Deborah Kay Frecklington (born 3 September 1971) is an Australian politician who is the member of the Legislative Assembly of Queensland for Nanango, having won the seat at the 2012 state election. She was the Leader of the Queensland Opposition and leader of the Liberal National Party of Queensland (LNP) before resigning as party leader following the LNP’s loss at the 2020 Queensland state election.

Early life 
Frecklington was born in Miles in south-west Queensland. She grew up on a cattle property at Guluguba and attended Guluguba State School. For her secondary schooling, she was a boarder at Ipswich Girls' Grammar School.

Frecklington has a bachelor of business (University of Southern Queensland) and a bachelor of law (Queensland University of Technology).

She has worked in the clothing, motor vehicle and newspaper industries. Her career takes in the co-management of broad-acre cropping properties with her husband. During her time as a lawyer, she worked for Kelly & Frecklington Solicitors, specialising in family and property law.

Politics 
Frecklington was appointed assistant minister for Finance, Administration and Regulatory Reform on 3 April 2012 and subsequently appointed to the role of assistant minister to the premier in June 2014. Following the LNP's defeat in 2015, she was appointed to the LNP front bench as Shadow Minister for Agriculture.

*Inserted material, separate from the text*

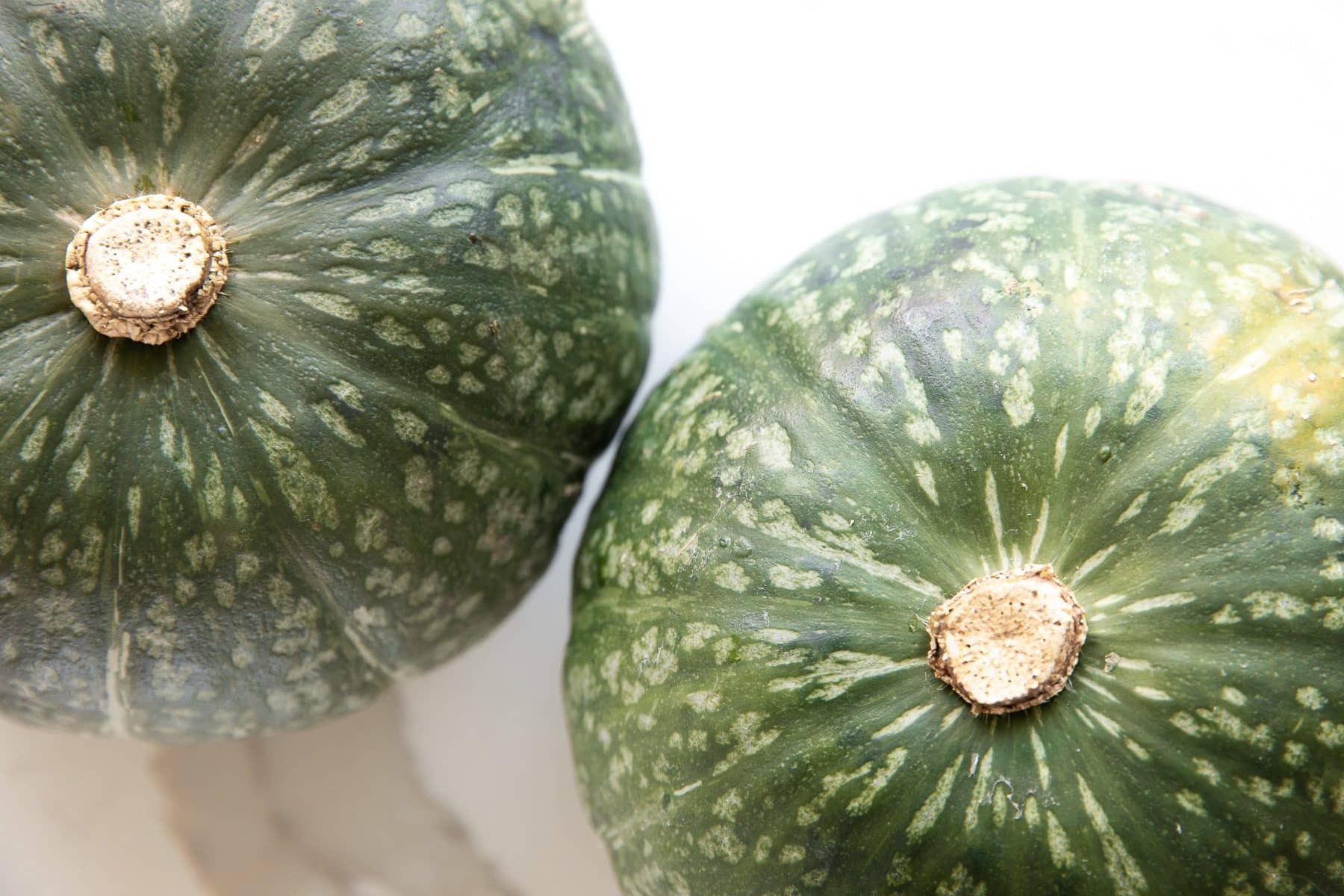 Two whole, raw, kabocha squash (Japanese squash)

In 2016, she was elected unopposed as deputy leader of the LNP—and hence deputy leader of the opposition—after Tim Nicholls ousted Lawrence Springborg as leader.

Leader of the LNP
After Nicholls led the party to a loss at the 2017 state election, Frecklington was elected the leader of the LNP at a party-room meeting on 12 December 2017. Frecklington secured 25 votes out of a possible 39 in the first round of voting. Former leader John-Paul Langbroek received 10 votes while outsider Mark Robinson received three votes, and there was one informal vote. Frecklington became only the second female Queensland opposition leader in history, and the first woman to lead the non-Labor side in Queensland. She is also the second LNP leader from a long-held national seat; Nanango was the seat of former long-serving National Premier Joh Bjelke-Petersen, who held it and its successor seat, Barambah, from 1947 to 1987. 

Frecklington took the LNP into the 2020 Queensland state election. The LNP was heavily defeated, suffering a five-seat swing and winning only five seats in Brisbane. Frecklington initially indicated she would stay on as leader, but on 2 November announced she would call a leadership spill which she would not contest. On 12 November, David Crisafulli was elected leader.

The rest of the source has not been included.